**Task statement**: Print the listing below verbatim, passing over each picture.

**Source material**:
▬▬▬▬▬▬
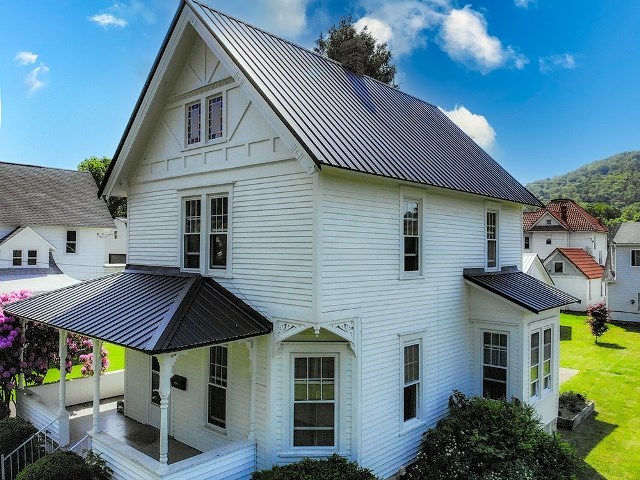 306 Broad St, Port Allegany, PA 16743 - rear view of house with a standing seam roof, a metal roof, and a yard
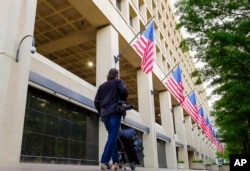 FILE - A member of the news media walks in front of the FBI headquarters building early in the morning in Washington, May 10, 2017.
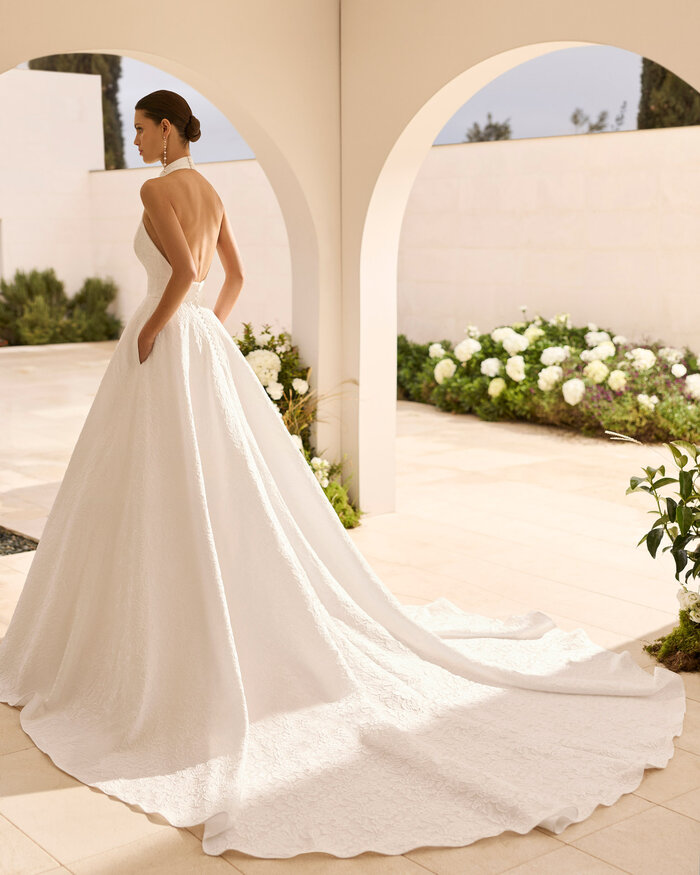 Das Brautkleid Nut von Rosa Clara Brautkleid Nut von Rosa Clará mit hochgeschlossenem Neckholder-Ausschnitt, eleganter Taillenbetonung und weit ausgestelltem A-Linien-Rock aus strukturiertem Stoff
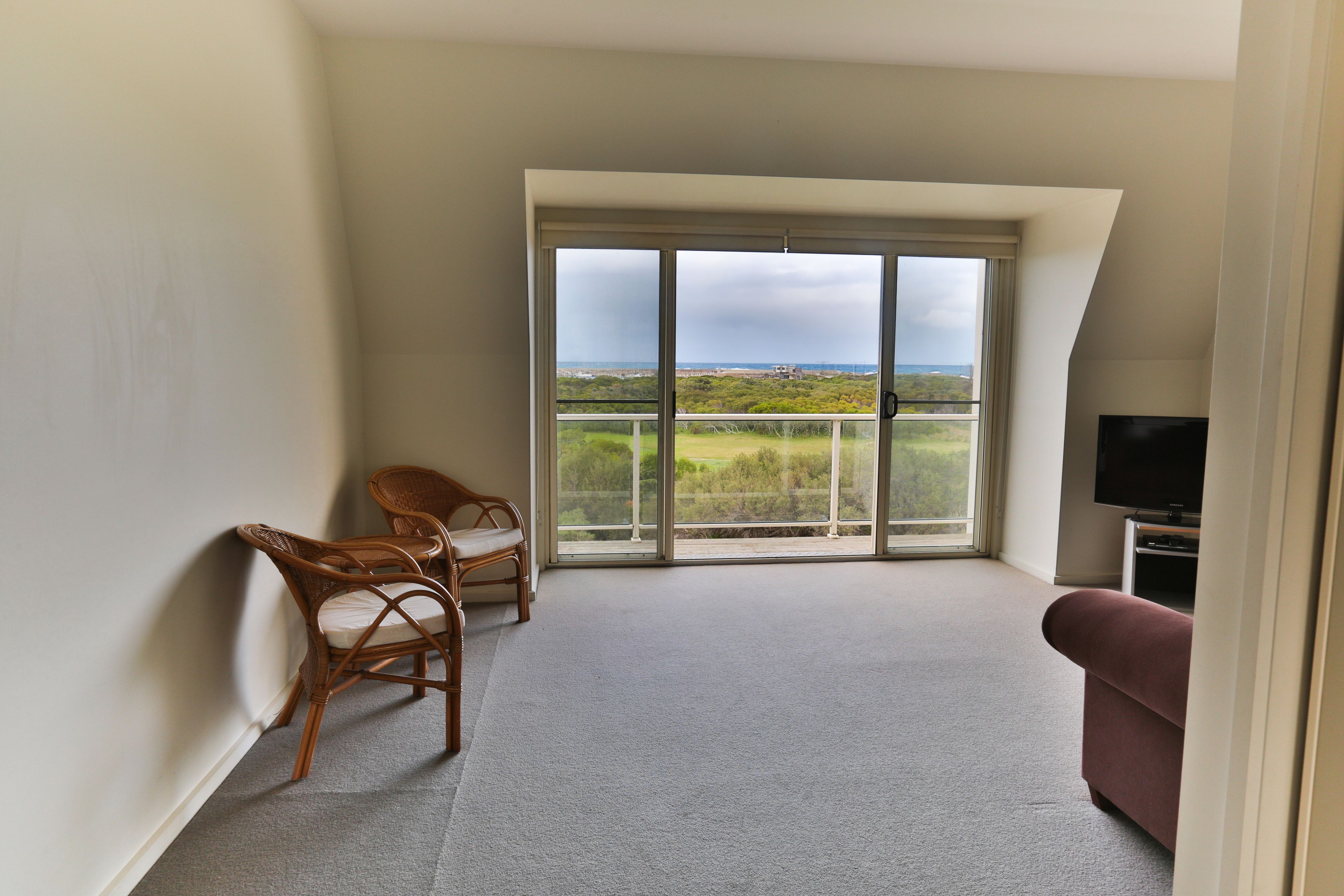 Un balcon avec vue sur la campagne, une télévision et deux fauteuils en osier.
▬▬▬▬▬▬
**Exercise result**:
 306 Broad St, Port Allegany, PA 16743 - rear view of house with a standing seam roof, a metal roof, and a yard
 FILE - A member of the news media walks in front of the FBI headquarters building early in the morning in Washington, May 10, 2017.
 Das Brautkleid Nut von Rosa Clara Brautkleid Nut von Rosa Clará mit hochgeschlossenem Neckholder-Ausschnitt, eleganter Taillenbetonung und weit ausgestelltem A-Linien-Rock aus strukturiertem Stoff
 Un balcon avec vue sur la campagne, une télévision et deux fauteuils en osier.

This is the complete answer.